Tactical Systems • HR/PR systems • Used to process employees pay • Point-of-sale (POS) systems • Used to manage reservations, seating, order taking and delivery, and billing
IT-dependent Strategic Initiative IT-Dependent Strategic Initiatives IT-dependent strategic initiatives consist of identifiable competitive moves (or projects) – designed to lead to sustained improvements in the firm’s competitive position – that depend on the use of IT to be enacted.
Initiatives-Based Systems • Specific projects with clear boundaries that define what the initiative is designed to achieve, as well as what it is designed to do and not do. • Examples (Tracking Tools): • Shipping • Fed Ex • USPS • Pizza deliveries • Papa Johns • Dominos
Strategic-Based Systems • Objective of producing new value that the firm can appropriate • Creating competitive advantage through the initiative • Example (Shipping Tools): • Initial goal was to improve customer service • The tools result is a reduction of calls regarding orders & shipments (and therefore customer willingness to pay) which translated to reduced costs
IT-Dependent-Based Systems • Cannot be feasibly created and executed without the use of information technology at their core • Example: • Customer relationship management • e-Commerce • e-Business
Do not focus on IT Investments IT-dependent strategic initiative consist of the configuration of an activity system, dependent on IT at its core that fosters the creation and appropriation of economic value. IT investments only pay off if they are part of a larger and cohesive information system design
The Recap • Economic value is created when some input resources that have a value of $x in their next best utilization are transformed into outputs for which customers are willing to pay $x + $v • The value thus created is partitioned amongst those entities involved in its creation: a firm, its suppliers, and its customers—a process known as value appropriation • A firm is able to appropriate that portion of the total value created that would be lost if the firm did not partake in the exchange—a figure we termed added value
The Recap • Strategic information systems are those that are designed and developed to create and appropriate value. • They differ from tactical information systems, which are those systems that, while often critical for the firm’s operations, do not enable the creation of distinctive value • IT-dependent strategic initiatives consist of identifiable competitive moves and projects that enable the creation of added value, and that rely heavily on the use of information technology to be successfully implemented. • General and functional managers must take the center stage in the identification and analysis of opportunities to create value with information systems.

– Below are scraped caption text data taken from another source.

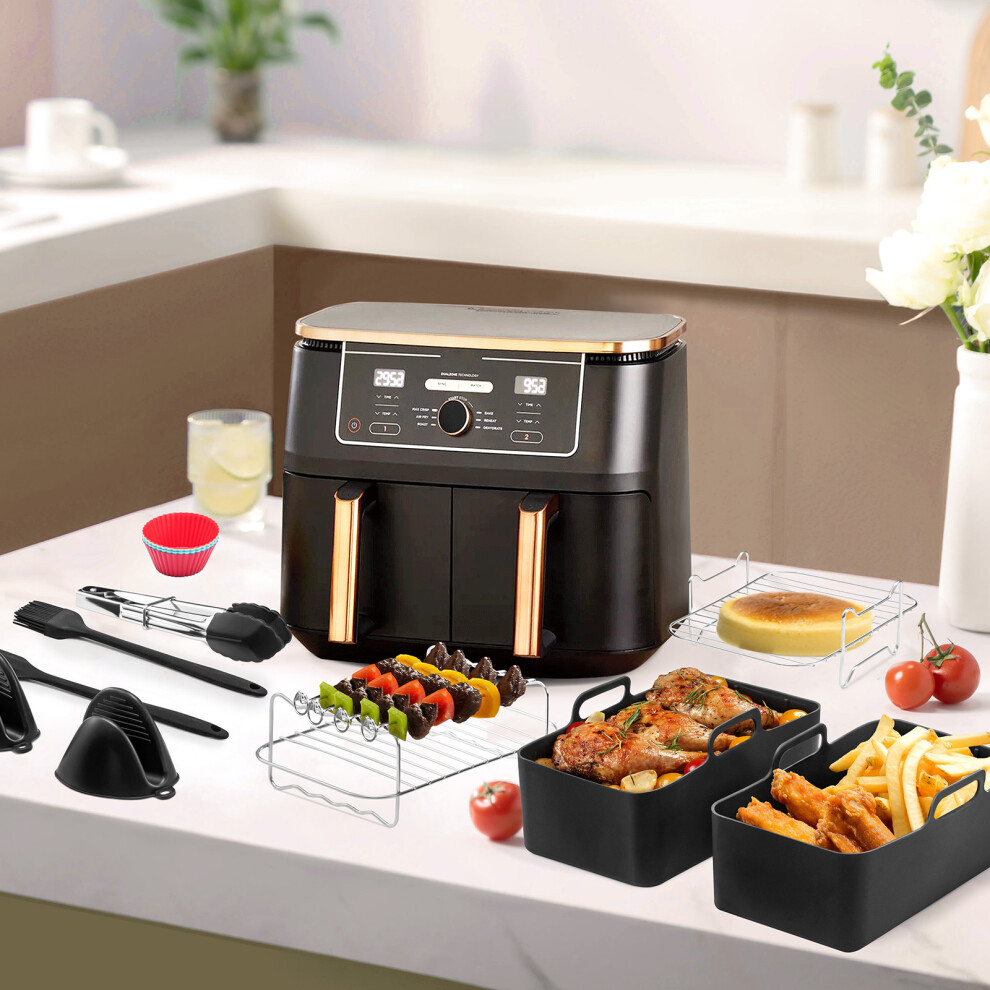 12 Set Air Fryer Accessories Set for Dual Air Fryer & Most 7.6L - 9.5L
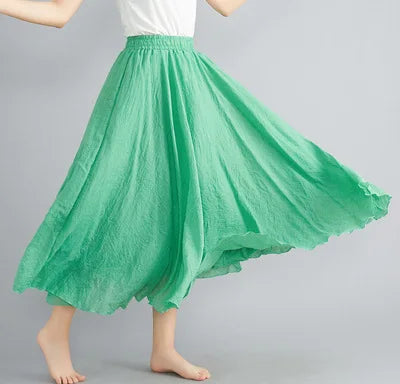 Boho Cotton Linen Beach Long Skirt Women Vintage Casual Solid A-line High Waist Dance Floor-Length Maxi Skirt Spring Summer New.
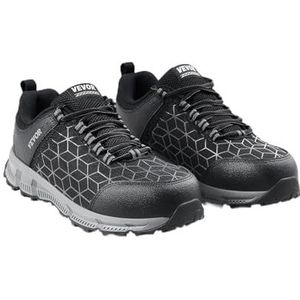VEVOR Schoenen met stalen neus voor heren, maat 11,5 US breed, veiligheidsschoenen voor heren, werkschoenen voor industriële bouw, lichte en ademende veiligheidsschoenen, zwart, zwart.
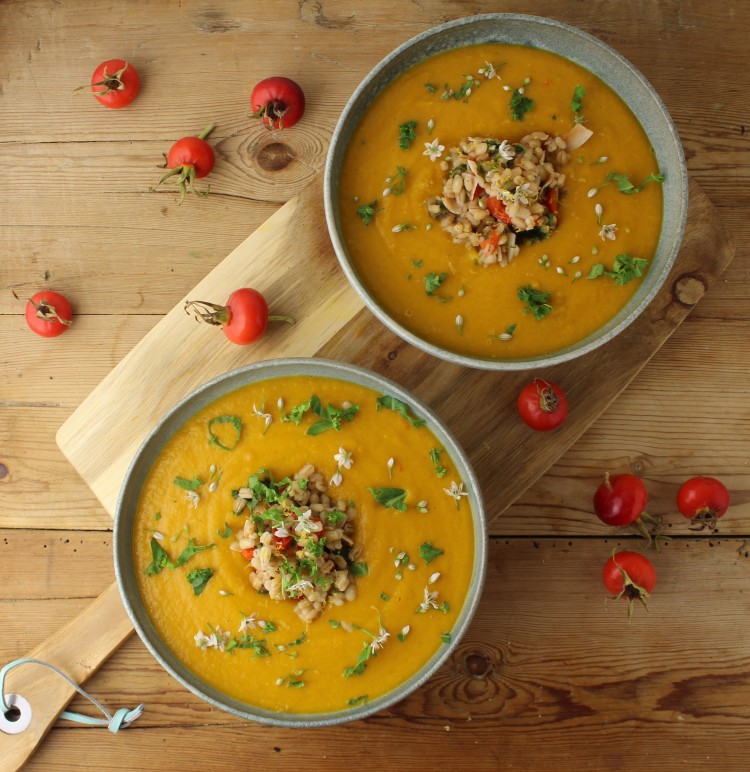 Orange, varmende suppe med topping af perlebyg, hyben, grønkål og chili - Vegansk opskrift - Mad med glød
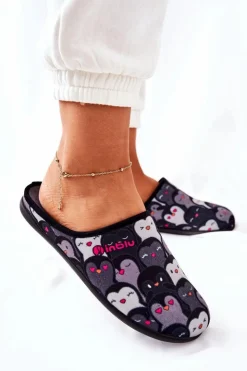 BEFADO Kapcie Klasyczne|Klapki Damskie Klasyczne*Papcie Klapki Pingwinki 155D202 Czarne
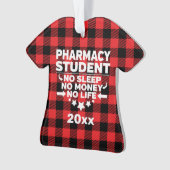 薬学学生Noライフマネー睡眠レッドプレイド オーナメント (正面)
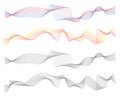 Abstract line waves digital design set vector illustration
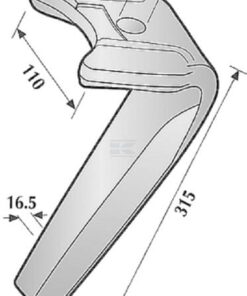 Diente de rotavator lado izdo. longitud: 318 mm, válido para Kuhn, Kramp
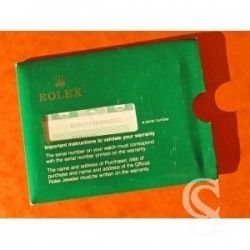 VINTAGE ROLEX GARANTY PAPER WATCH STORAGE SLEEVE CARD GREEN VINTAGE FROM 80's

What we Learned • To define key terminology, including the concepts of total value created, customer willingness to pay, supplier opportunity cost, and added value. • To compute total value created and added value. • To estimate the portion of the total value created that will be appropriated by each of the entities who contributed to its creation. • To differentiate between strategic information systems and tactical information systems. • To define and utilize the concept of IT-dependent strategic initiatives.